Non va confusa con l’acconto, che segue una normativa diversa. La caparra, dicevamo, ha una funzione cautelare e sanzionatoria e mira a liquidare anticipatamente i danni derivanti dall’inadempimento di una delle parti. Quindi chi non rispetta i patti paga una sanzione già stabilita a priori che è per l’acquirente inadempiente la perdita della caparra e per il venditore, che non ottempera ai suoi obblighi, il raddoppio di quanto percepito.

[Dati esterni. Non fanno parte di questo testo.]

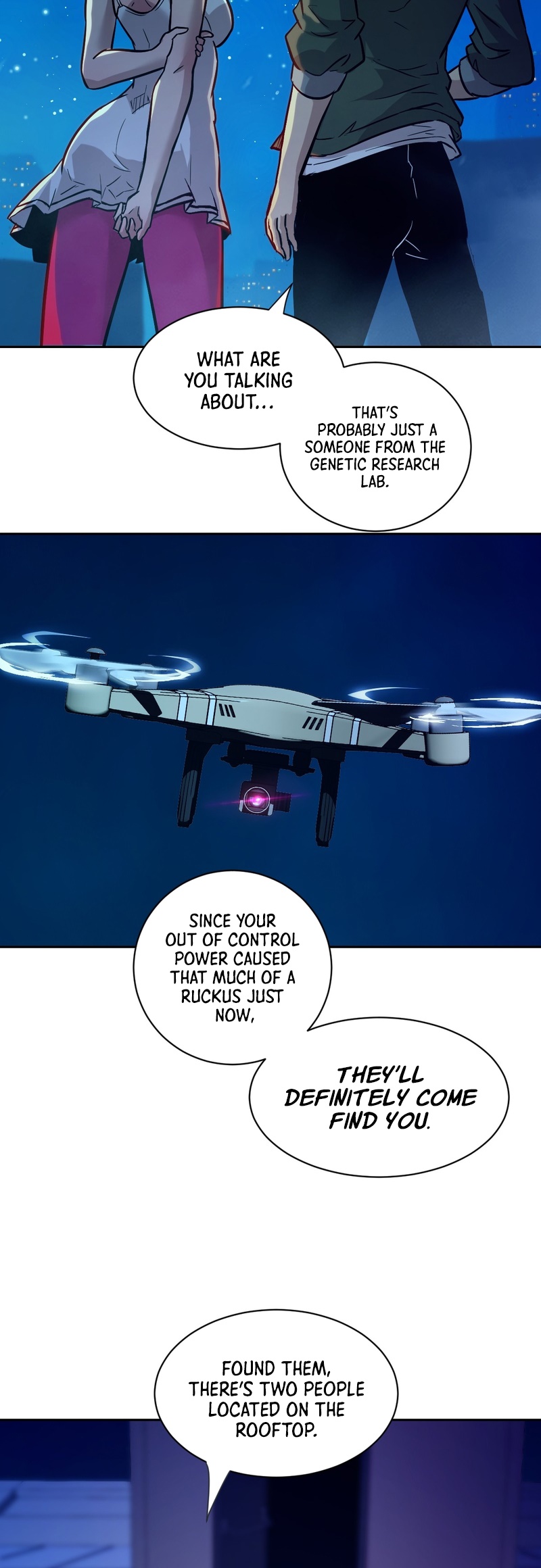 Left Handed Mutation Ch. 4 第27页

La caparra quindi come sanzione ma anche come risarcimento a favore dell’altra parte adempiente che può evitare di instaurare un processo prima di poter ottenere il risarcimento del danno, da parte di colui che non ha adempiuto. Come funziona? Va analizzata la condotta delle parti nel contratto e verificare dove vi sia inadempimento. A) Se la parte che ha versato la caparra (acquirente) risulta adempiente: il venditore potrà imputarla in conto prezzo oppure restituirla; B) se invece la parte che ha versato la caparra risulta inadempiente: l’altra parte (venditore) può trattenerla a titolo di risarcimento del danno e recedere dal contratto oppure agire in giudizio per ottenere l’esecuzione del contratto stesso. In pratica oltre a soddisfarsi con la caparra può pretendere che gli obblighi nascenti dal contratto siano rispettati, fino in fondo. C) Nel caso in cui sia il venditore, che ha percepito la caparra, inadempiente allora l’acquirente può esigere il doppio di quanto versato a titolo di caparra e recedere dal contratto. Inoltre può anche esercitare l’azione di risoluzione del contratto (per inadempimento del venditore) ed agire in giudizio per ottenere, oltre alla somma di caparra, il risarcimento integrale del maggior danno subito.

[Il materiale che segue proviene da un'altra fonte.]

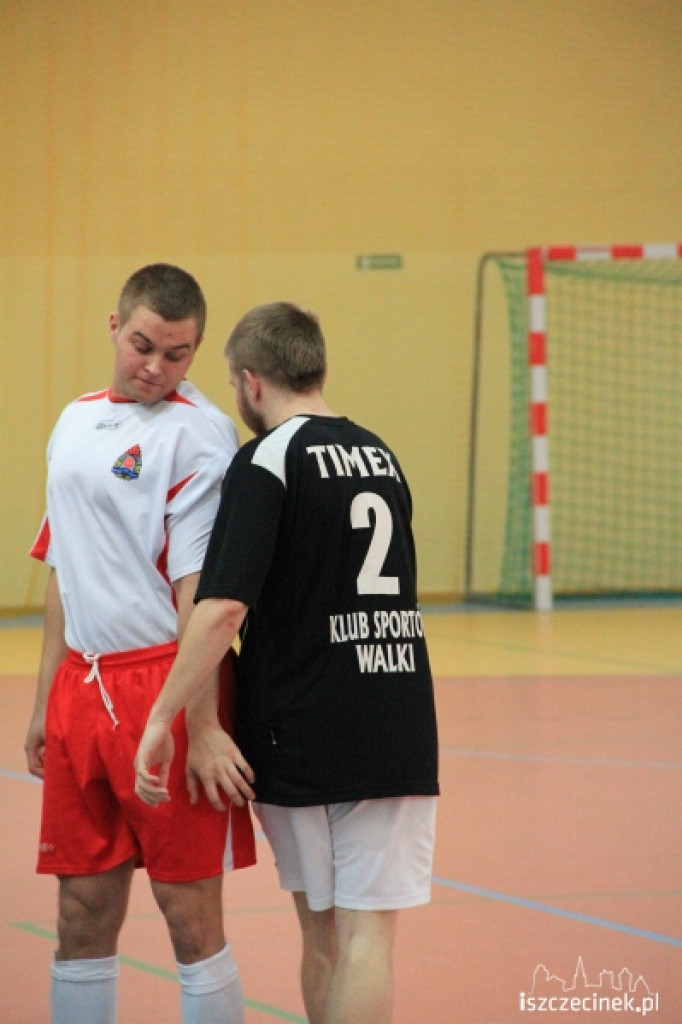 Turniej charytatywny dla Konrada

Attenzione, quindi, che quanto sopra indicato rileva solamente se siamo in presenza di un caparra e non di acconto prezzo. Anzi la somma versata va indicata espressamente come “caparra confirmatoria” altrimenti in assenza di esplicita qualificazione essa si considera come semplice acconto sul prezzo, il quale, in caso di mancata conclusione del contratto, deve essere restituito comunque a chi l’ha versato. Poi la parte adempiente, che voglia ottenere il risarcimento del danno, dovrà necessariamente agire in giudizio per far valere le sue ragioni.